My test program is called pr17
.
$ for locale in $(cd /usr/share/locale; ls -d *.UTF-8)
> do echo "$locale: $(LANG=$locale ./pr17 <<< '1234567,89')"
> done
af_ZA.UTF-8: 1.234.567,89
am_ET.UTF-8: 1,234,567.00
be_BY.UTF-8: 1 234 567,89
bg_BG.UTF-8: 1 234 567,89
ca_ES.UTF-8: 1234567,89
cs_CZ.UTF-8: 1 234 567,89
da_DK.UTF-8: 1.234.567,89
de_AT.UTF-8: 1234567,89
de_CH.UTF-8: 1234567,89
de_DE.UTF-8: 1234567,89
el_GR.UTF-8: 1.234.567,89
en_AU.UTF-8: 1,234,567.00
en_CA.UTF-8: 1,234,567.00
en_GB.UTF-8: 1,234,567.00
en_IE.UTF-8: 1,234,567.00
en_NZ.UTF-8: 1,234,567.00
en_US.UTF-8: 1,234,567.00
es_ES.UTF-8: 1234567,89
et_EE.UTF-8: 1 234 567,89
eu_ES.UTF-8: 1234567,89
fi_FI.UTF-8: 1.234.567,89
fr_BE.UTF-8: 1234567,89
fr_CA.UTF-8: 1234567,89
fr_CH.UTF-8: 1234567,89
fr_FR.UTF-8: 1234567,89
he_IL.UTF-8: 1,234,567.00
hr_HR.UTF-8: 1234567,89
hu_HU.UTF-8: 1 234 567,89
hy_AM.UTF-8: 1 234 567,89
is_IS.UTF-8: 1 234 567,89
it_CH.UTF-8: 1234567,89
it_IT.UTF-8: 1234567,89
ja_JP.UTF-8: 1,234,567.00
kk_KZ.UTF-8: 1 234 567,89
ko_KR.UTF-8: 1,234,567.00
lt_LT.UTF-8: 1 234 567,89
nl_BE.UTF-8: 1234567,89
nl_NL.UTF-8: 1234567,89
no_NO.UTF-8: 1.234.567,89
pl_PL.UTF-8: 1 234 567,89
pt_BR.UTF-8: 1.234.567,89
pt_PT.UTF-8: 1234567,89
ro_RO.UTF-8: 1 234 567,89
ru_RU.UTF-8: 1 234 567,89
sk_SK.UTF-8: 1 234 567,89
sl_SI.UTF-8: 1234567,89
sr_YU.UTF-8: 1 234 567,89
sv_SE.UTF-8: 1 234 567,89
tr_TR.UTF-8: 1234567,89
uk_UA.UTF-8: 1 234 567,89
zh_CN.UTF-8: 1,234,567.00
zh_HK.UTF-8: 1,234,567.00
zh_TW.UTF-8: 1,234,567.00
$
The input string uses a comma; when the radix character is .
, it means that the ,89
is left in the input for further processing.
Your mileage will vary.
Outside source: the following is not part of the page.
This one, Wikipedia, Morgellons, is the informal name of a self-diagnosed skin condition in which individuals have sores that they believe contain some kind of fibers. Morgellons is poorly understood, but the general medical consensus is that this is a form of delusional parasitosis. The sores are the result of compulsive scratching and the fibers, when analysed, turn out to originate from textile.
Let me know your operating system and C library if scanf()
supports the grouping character in the input.
Note that you're not supposed to process the output of ls
because of possible spaces, newlines and assorted other 'gotcha' characters that can appear in file names. However, I checked that it would be safe for me before using it. YMMV!
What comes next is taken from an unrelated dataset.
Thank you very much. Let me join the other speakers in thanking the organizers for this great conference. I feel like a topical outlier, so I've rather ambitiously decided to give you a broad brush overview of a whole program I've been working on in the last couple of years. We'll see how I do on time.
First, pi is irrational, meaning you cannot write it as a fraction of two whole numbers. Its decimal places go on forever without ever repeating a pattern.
CodePudding user response:
It is not possible to have only 1 integer/float/double to have 2 dots. I recommend you to receive the input as a string and break it down into parts of integer/float/double then do your calculation or whatever then combine them together again into a string and output it. For example:
#include<stdio.h>
#include<stdlib.h>
#include <string.h>
int main()
{
char string[15];
//get input
scanf("%s", string); //type in 1.000.000
//"." indicate the break
char * token = strtok(string, ".");
char partOfNumber[3][15];
int i = 0;
while( token != NULL ) {
//assign parts to string separately
strcpy(partOfNumber[i],token);
token = strtok(NULL, ".");
i ;
}
//turn part into integer
int number1 = atoi(partOfNumber[0]);
int number2 = atoi(partOfNumber[1]);
int number3 = atoi(partOfNumber[2]);
//do calculation with the number or whatever...
//now we combine them together again...
return 0;
}
Do notice if you want it to assign 0 in the middle please use some loop/if-else statement to achieve.